You say you do training with the older dog - you can do that with the puppy - he sounds like he would make a great agility dog and you clearly have the experience and knowledge to make him into a really great dog - you'll be the best of friends.

As for the other dog not loving him - my JRT1 was less than impressed with JRT2 when we brought him home. They still are two very serparate entities but they play together too much, it drives me nuts and we call it terrier wars and occasionally will find them snuggled on the sofa together. That will come too.

I am sorry you got flammed, i don't think i know anyone who didn't have a bit of regret when they get a dog. Even if you got the dog that on paper you wanted, there would be some element of regret - its a major life change, there is a new family member and you didn't have nine months to get used to the idea before it happened!

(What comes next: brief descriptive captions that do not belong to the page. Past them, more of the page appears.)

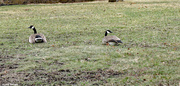 16th Mar 2021 - Canadian Geese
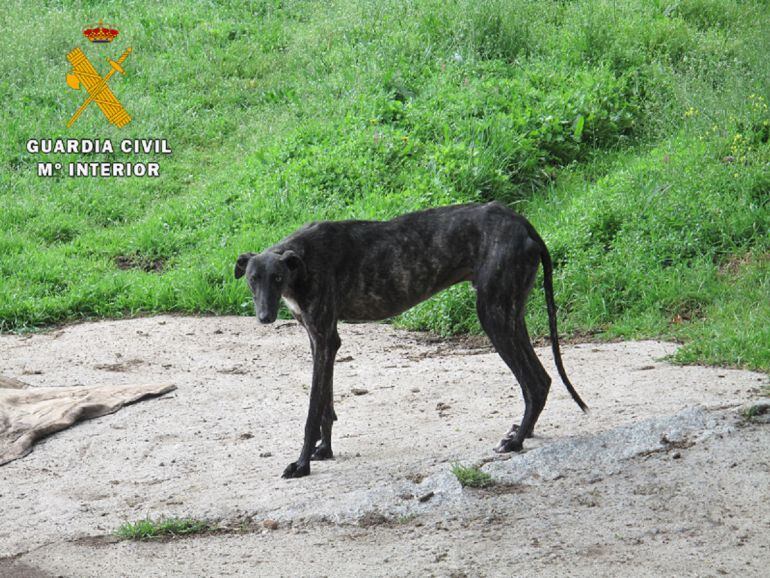 Uno de los galgos encontrados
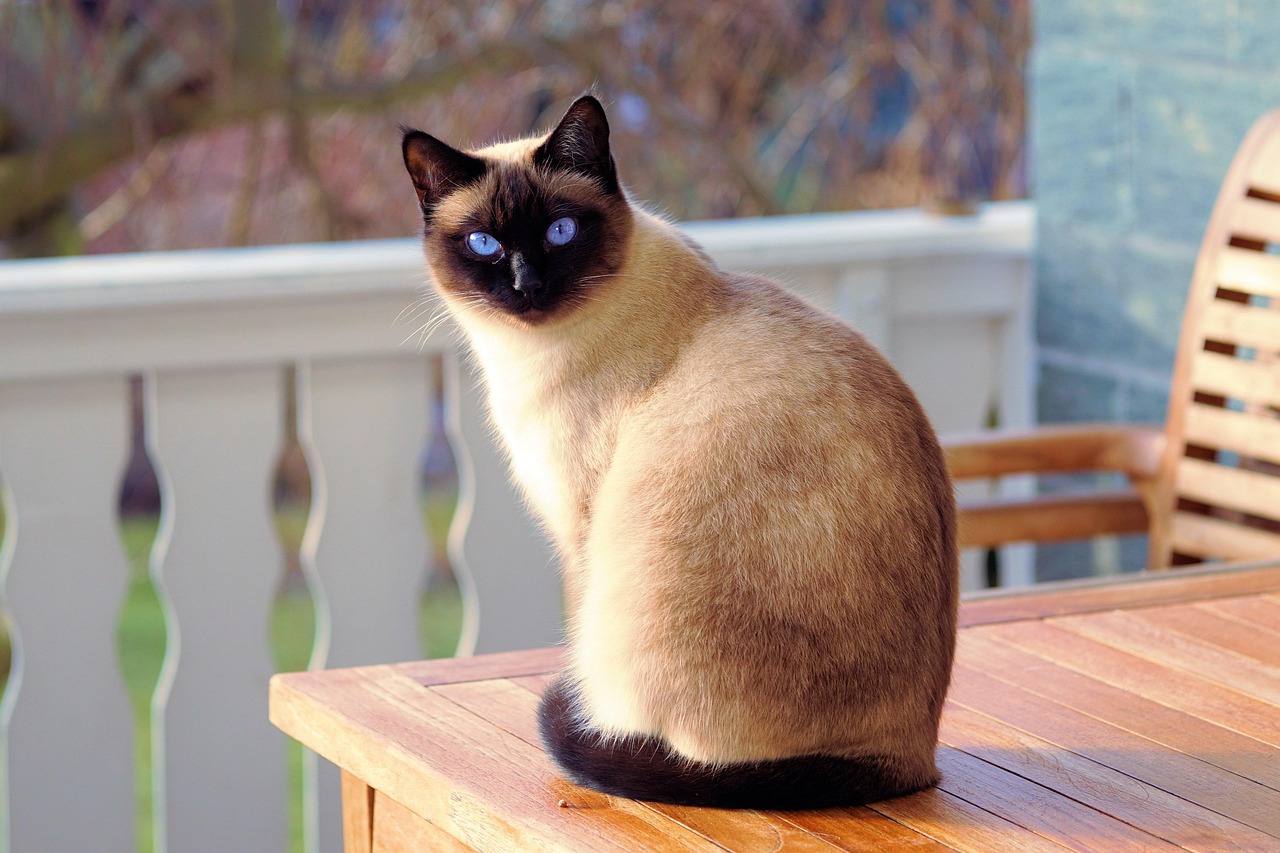 Opal the Cat
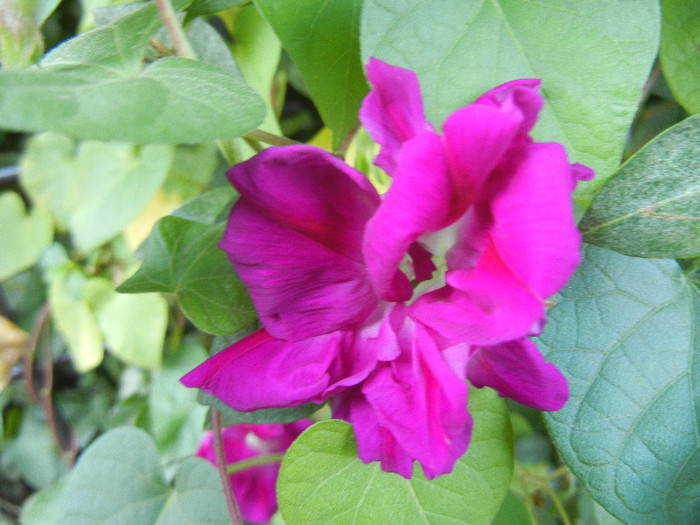 Double Pink Morning Glory (2012, Sep.27)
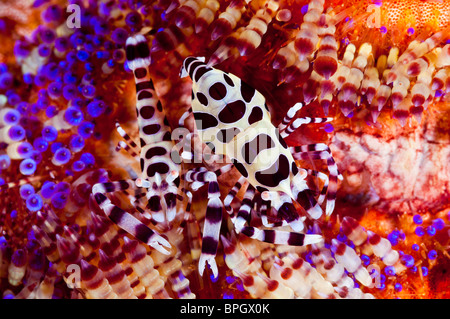 Ein paar von Coleman Garnelen auf einem Feuer Urchin, Seraya, Bali, Indonesien. Stockfoto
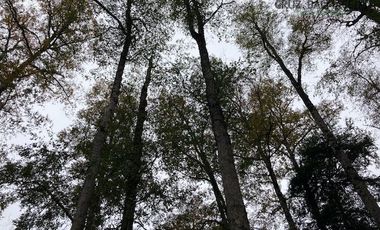 Casa en Venta en Increíble Lodge en terreno de 27 hás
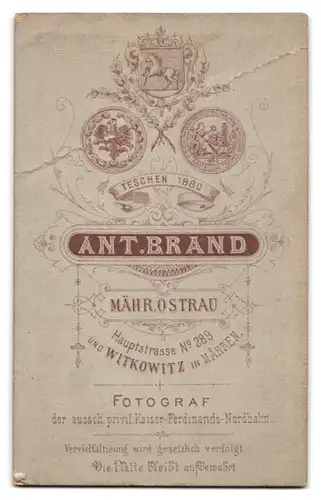 Fotografie Ant. Brand, Mähr. Ostrau, Hauptstr. 289, Portrait stattlicher Herr mit Brille und Vollbart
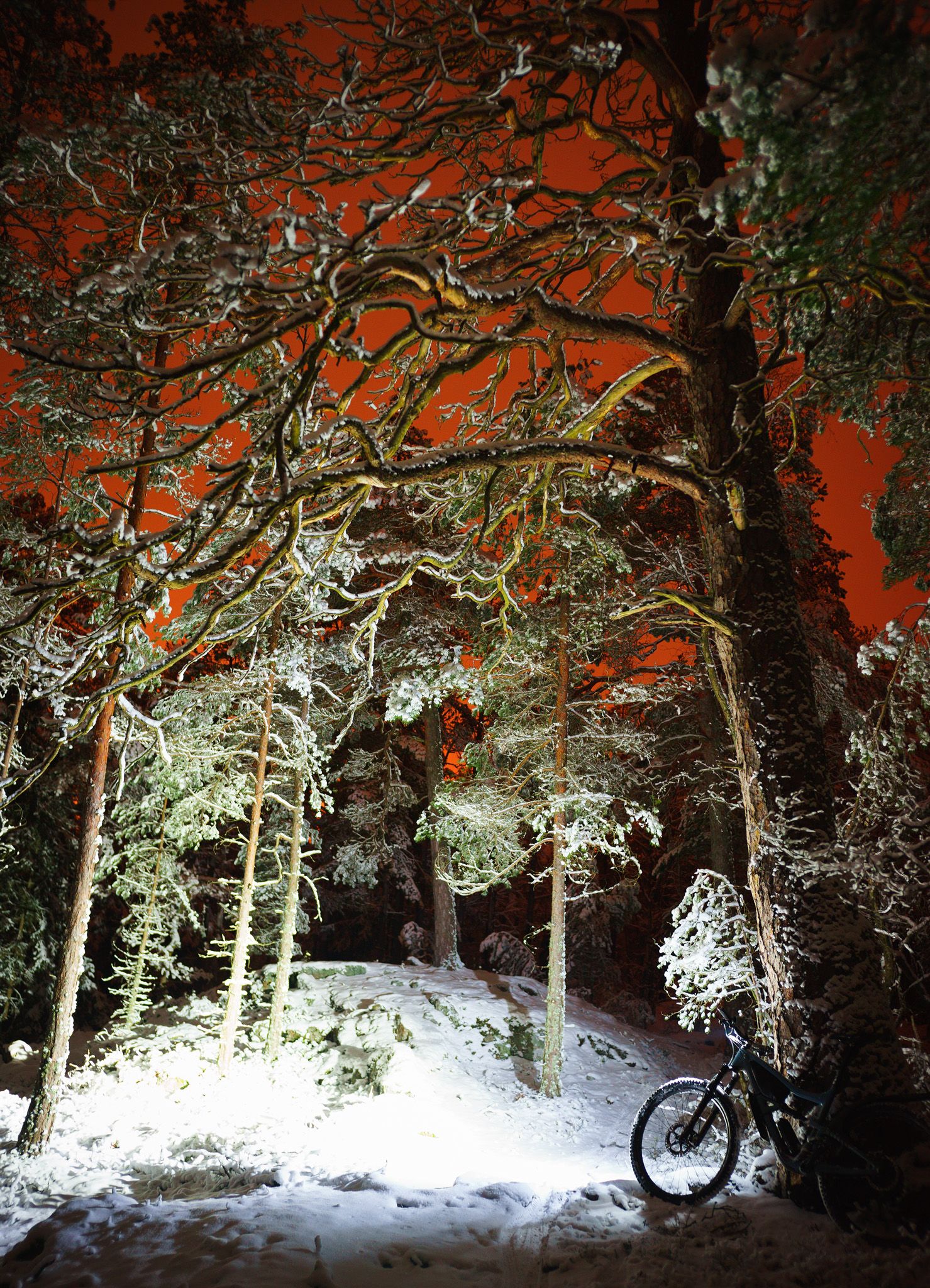 DSC08775_fb.jpg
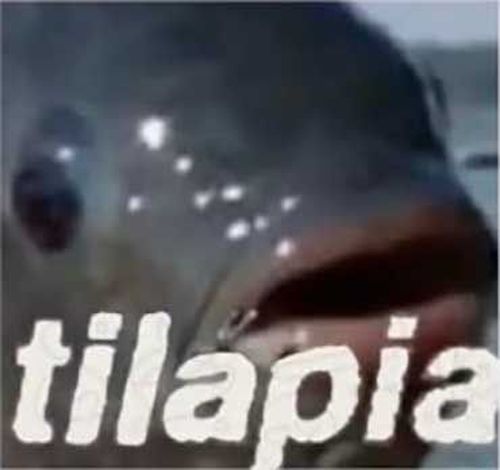 4492824-M4yfB.jpg
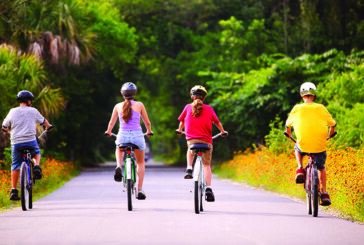 Summer is the Time to Check for Helmet Safety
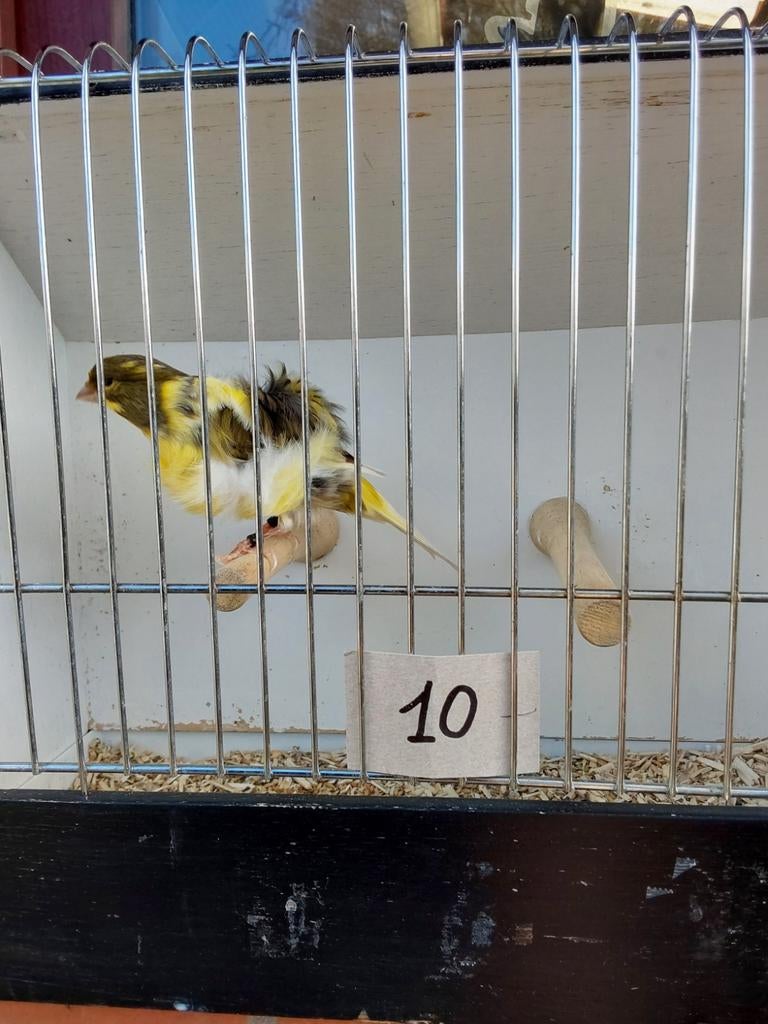 Kanaries, Dieren en Toebehoren, Vogels | Kanaries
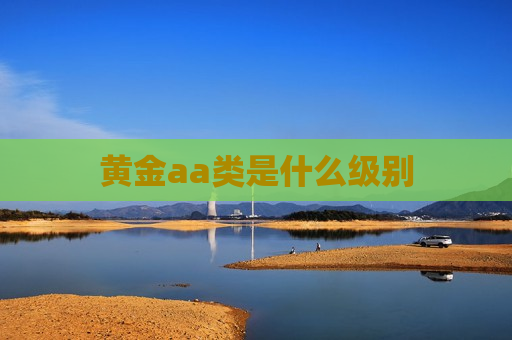 黄金aa类是什么级别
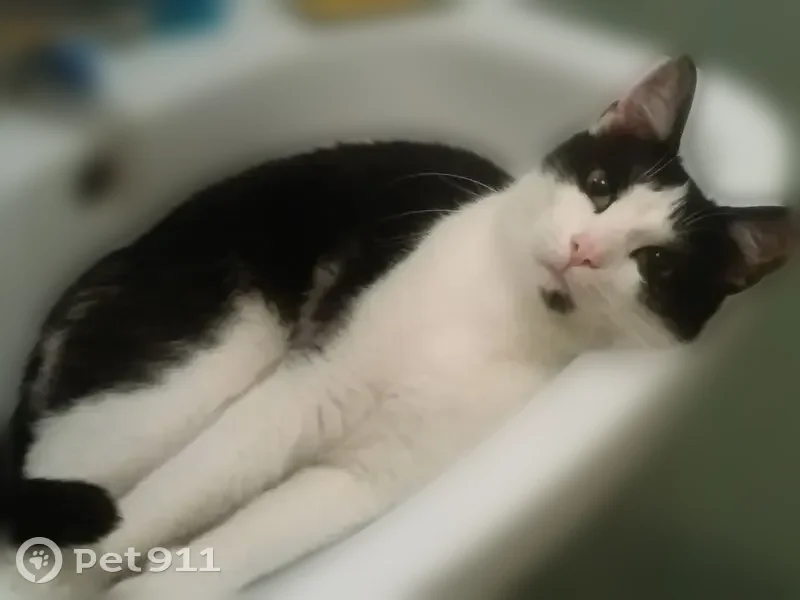 Chat perdu mâle, Rue de la Rivoirette, Morestel — noir et blanc, sociable - photo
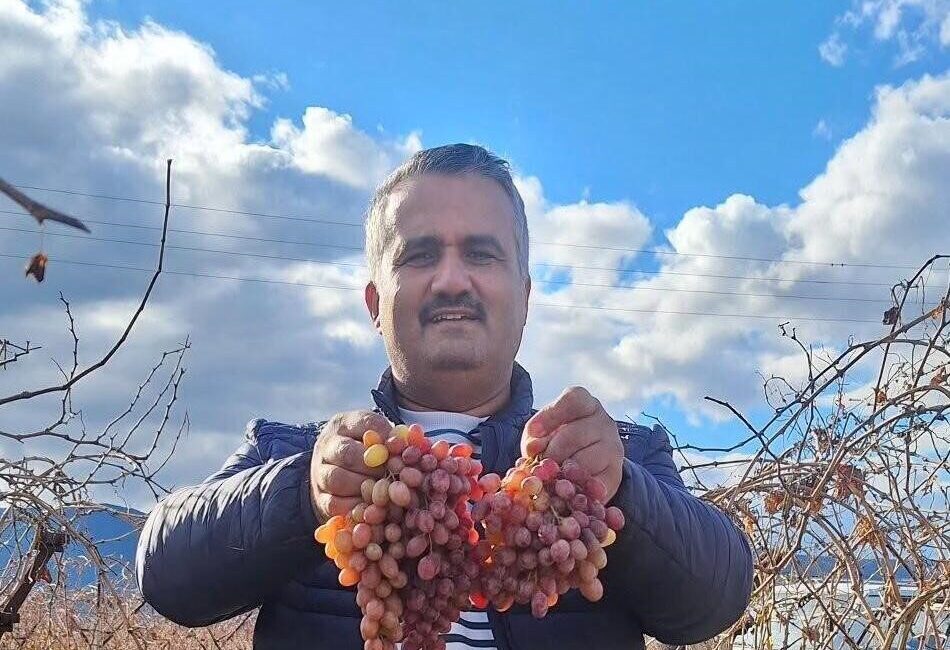 Manisa’nın Sarıgöl Ovası’nda yetiştirilen Crimson üzümü, örtü altına gerek duymadan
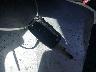 KNADM4A30E6****** Salvage 2014 Kia Rio in California State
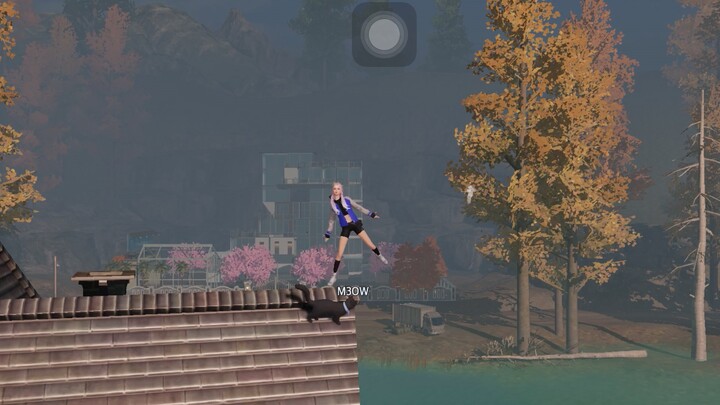 Testing
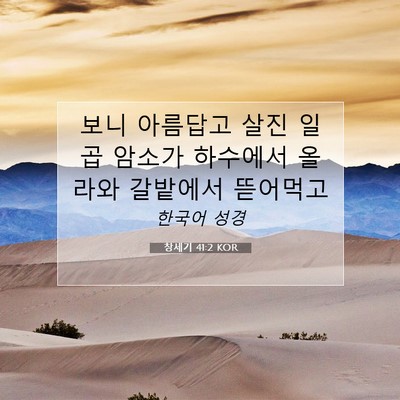 Picture 07 - 창세기 41:2 KOR - 보니 아름답고 살진 일곱 암소가 - Bible Verse Picture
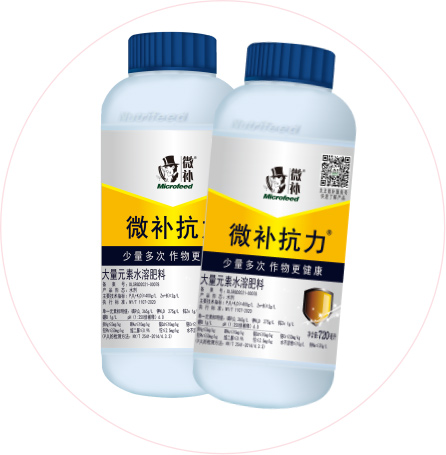 如何做好冬季清園，減少來年病蟲害影響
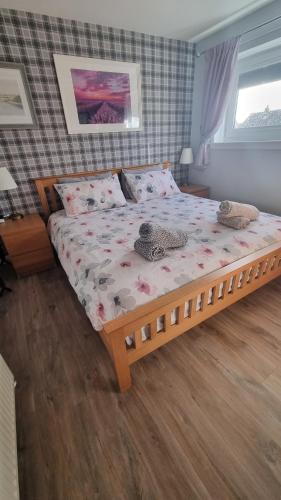 Innisfail Edi Innisfail Edi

LEMmingaround Sun 09-Feb-14 09:38:02

Sounds like you are doing the right thing with the dogs - not sure i would do anything differently. The older dog has his nose out of joint but it will pass. We didn't feed separately and more often and not they feed out of the same bowl, even though we put two down hmm Maybe you could give them treats together, so that he associates the new dog with good things. But in all honesty, i think you just have to give them time.

needastrongone Sun 09-Feb-14 10:23:50

I felt exactly the same as you with ddog1, and he was chosen carefully! FWIW we have a 15 month old springer and an 11 week old working cocker, so both are intelligent and high energy.

I wanted to do it 'right' with the first dog, and spent a long time reading and researching. I spent the first months stressed and anxious and struggling with him, when actually, he's a lovely, calm, placid dog. He enjoys a lot of exercise, but so do we.

It took a lot of time, but once I relaxed, enjoyed him and stopped feeling I must do this and must do that, the feelings came. Folk on here were very supportive.

The new puppy is very hard work, as puppies are, there's no denying that, but I love him to bits already.

Try not to look for the breed traits, folk kind of gulped when we said we were getting a springer as a first dog, but we meet his needs, mentally and physically, which is sounds like you are doing. If you love them and give them what they need, there's no reason why those traits will be negative.

BC's I would imagine will be great fun to do agility etc with?

Give yourself a break and time. Don't forget that you might be bloody annoyed with DH, which might be clouding your judgement.

And, unlike DC, pups grow fast, it will be hard work for a year, but then you will have many years of great fun.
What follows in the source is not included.